Two people on the condition of anonymity told local media Economic Times that Iyer would move to an advisory role within the company as his contract with the company is set to expire next year.

Aggarwal, who was hired in April 2018 as chief strategy and administrative officer at Walmart India, has received two promotions in his two years’ stint. After getting promoted as the deputy CEO in January last year, he is currently the second-in-command at Walmart India that also owns online retail giant Flipkart and its subsidiaries.

Earlier this year, Walmart India laid-off 100 senior executives that were working out its Gurugram and Mumbai offices.

In India, Walmart operates 28 Best Price cash-and-carry stores that are wholesale stores where local mom-and-pop stores shop from.

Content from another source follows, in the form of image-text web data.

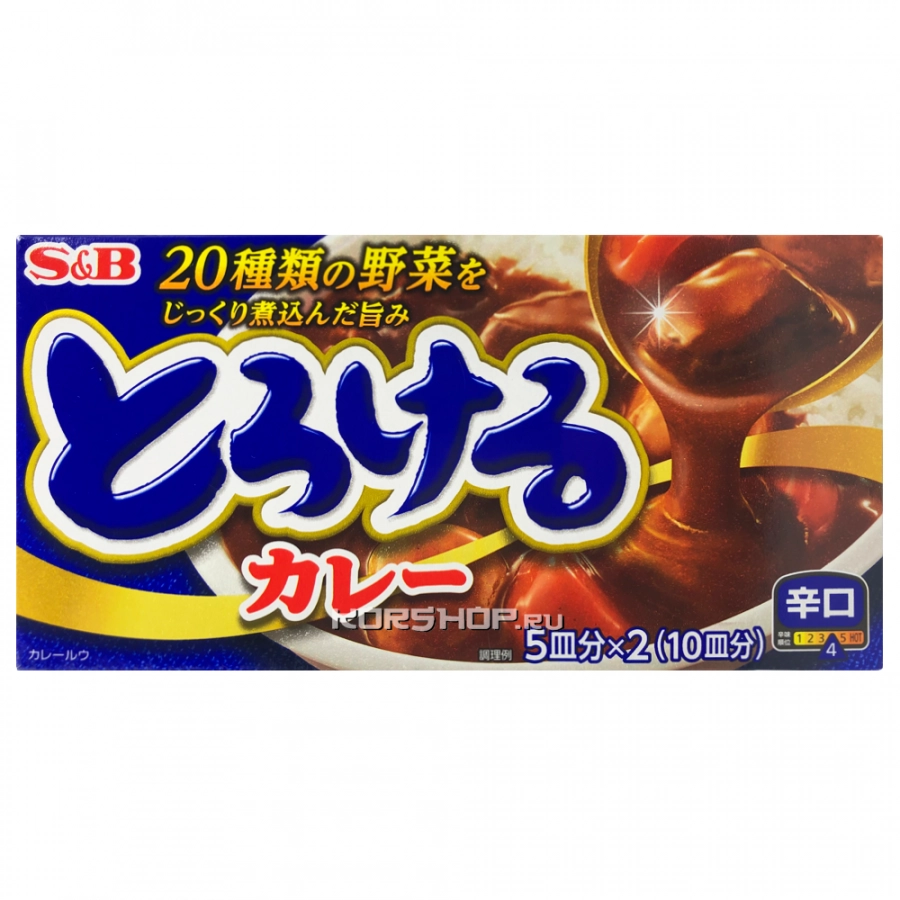 Карри Пикантный Микс (острый) S and B S&amp;B, Япония, 180 г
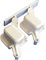 MDS Ersatzteile Tasto di avvio, bianco, starter per lavatrici, compatibile con Bauknecht Whirlpool Ignis 481071425531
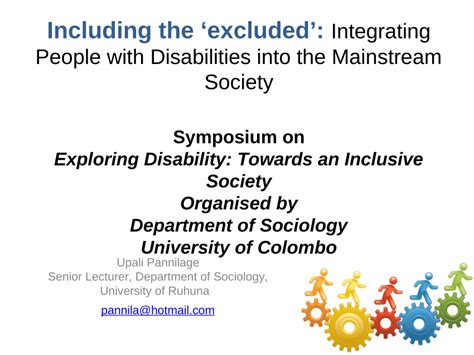 Pdf Including The Excluded Integrating People With Disabilities Into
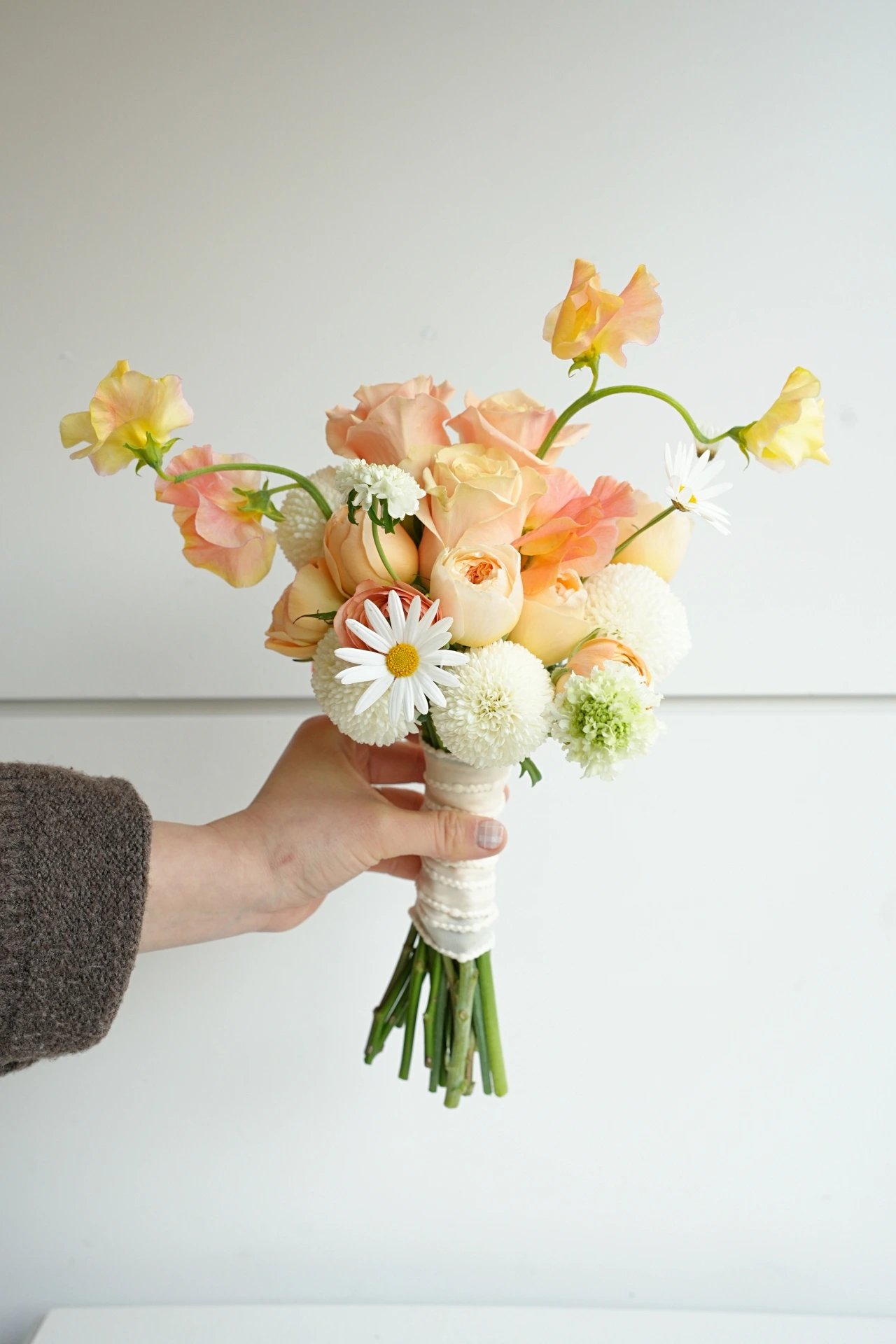 스위트피 오렌지 부케믹스.JPG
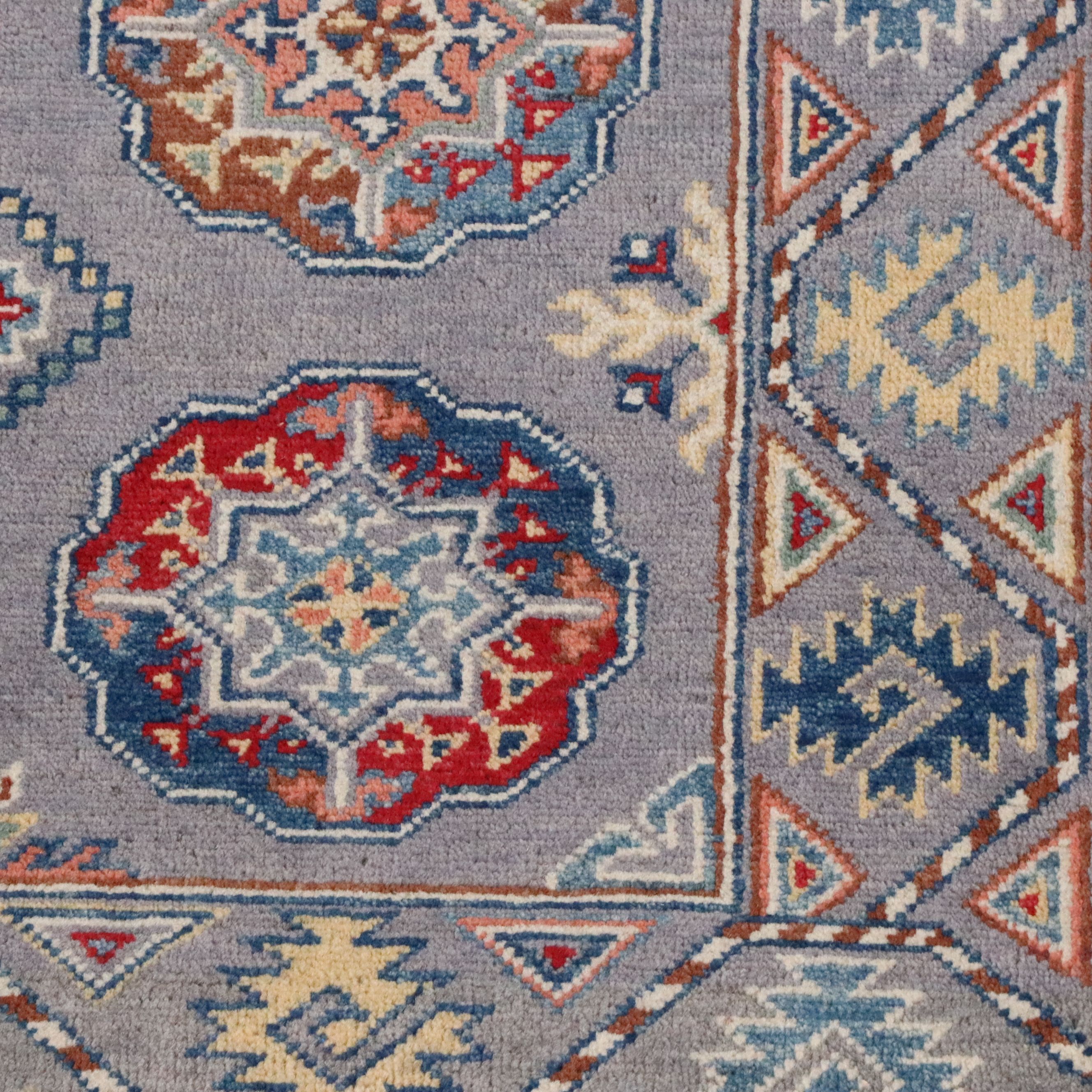 2'1 x 5'10 Hand-Knotted Pakistani Kazak Accent Rug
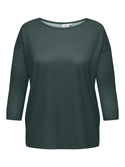 Only Carmakoma Ladies Plus Size Caralba regular Fit 3/4 Top-GREEN - Borderland Muff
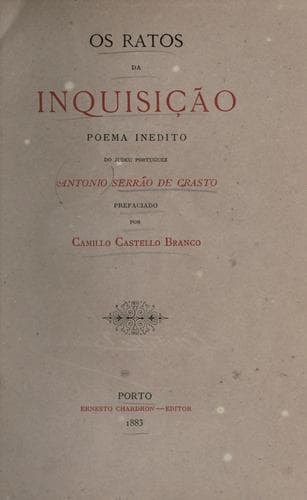 Os ratos da Inquisição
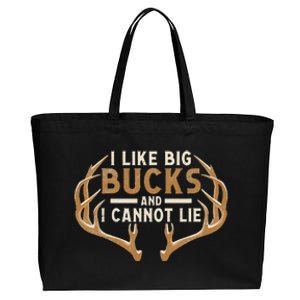 I Like Big Bucks And I Cannot Lie Hunter Deer Hunting Cotton Canvas Jumbo Tote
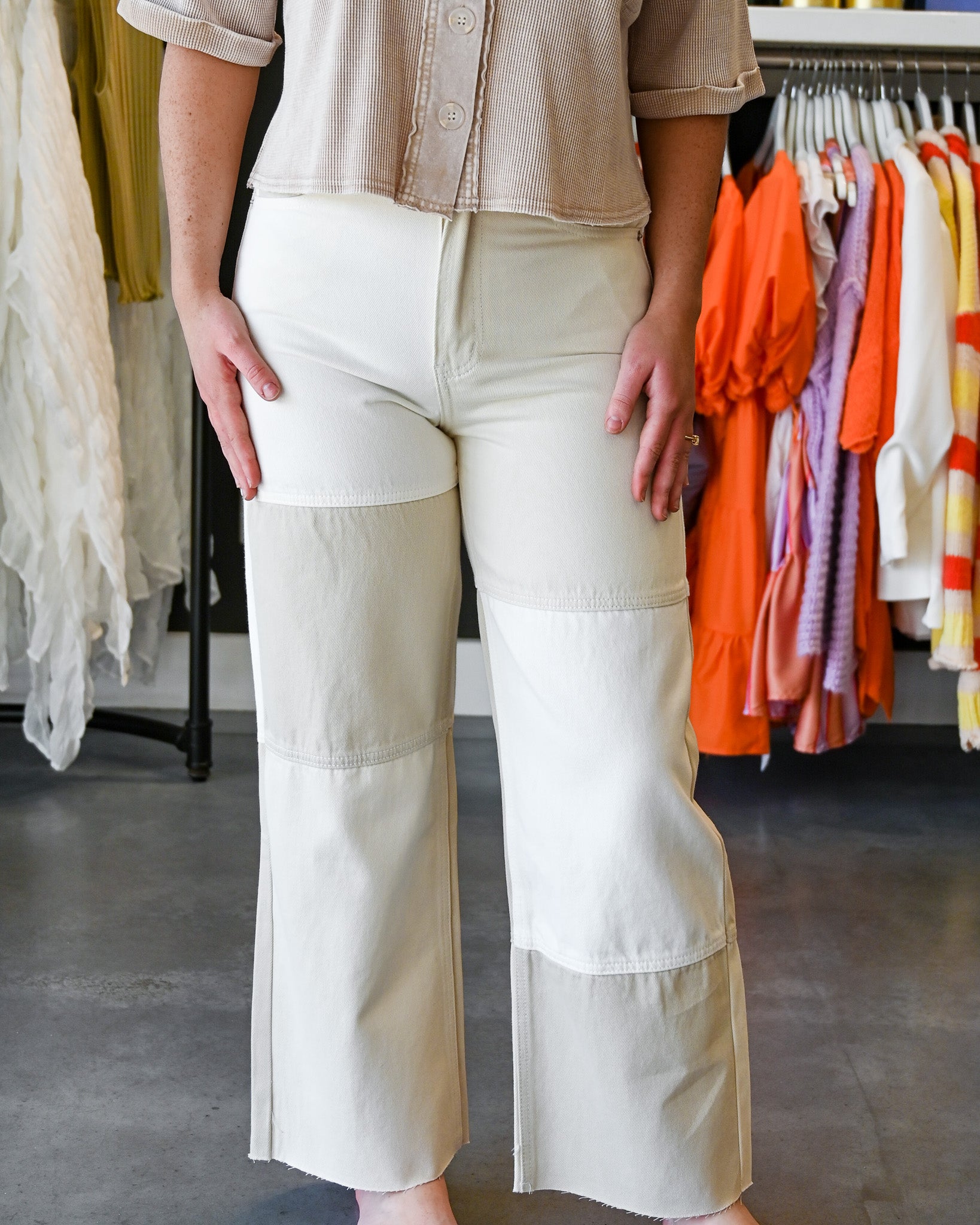 Christi Color Block Pants - Shop Now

Under the Best Price brand, it claims to sell an assortment of over 5,000 items to Indian physical retailers.

Aggarwal is set to take over the reins of its flagship wholesale unit in the country that is reeling with losses. For the financial year ended March 2019, Walmart’s Indian wholesale unit posted a loss of USD 24.1 million (INR 1.72 billion), nearly twice the amount it posted the year before.

However, globally its balance sheet is healthy with steady growth. Its revenue increased from USD 485.9 billion in the financial year 2017 to USD 514.4 billion in FY 2019. Walmart earns revenue through domestic and overseas operations, including Walmart US, Walmart International, as well as Sam’s Club. In 2019, the company said its USD 16 billion acquisition of Flipkart affected Walmart International’s revenue. In Q3 ending September 2019, its revenue dipped to USD 600 million compared to USD 1.2 billion a year-ago in the same quarter.

In India, the company has been long trying to figure out a business model that could change the fortune of its loss-making wholesale venture. According to media reports, the company is internally discussing a “reverse acquisition” of its wholesale of business by Flipkart. It is in fact, to be used by Flipkart.

The company competes with Metro Cash & Carry, Amazon, and Jio Mart, the newly launched wholesale business of Reliance, India’s one of the largest companies. Metro, which has been operating in India since 2003, is currently the market leader and operates 27 stores across the country. Its revenue for 2018-19 exceeded to the tune of INR 6,500 crore (USD 882 million).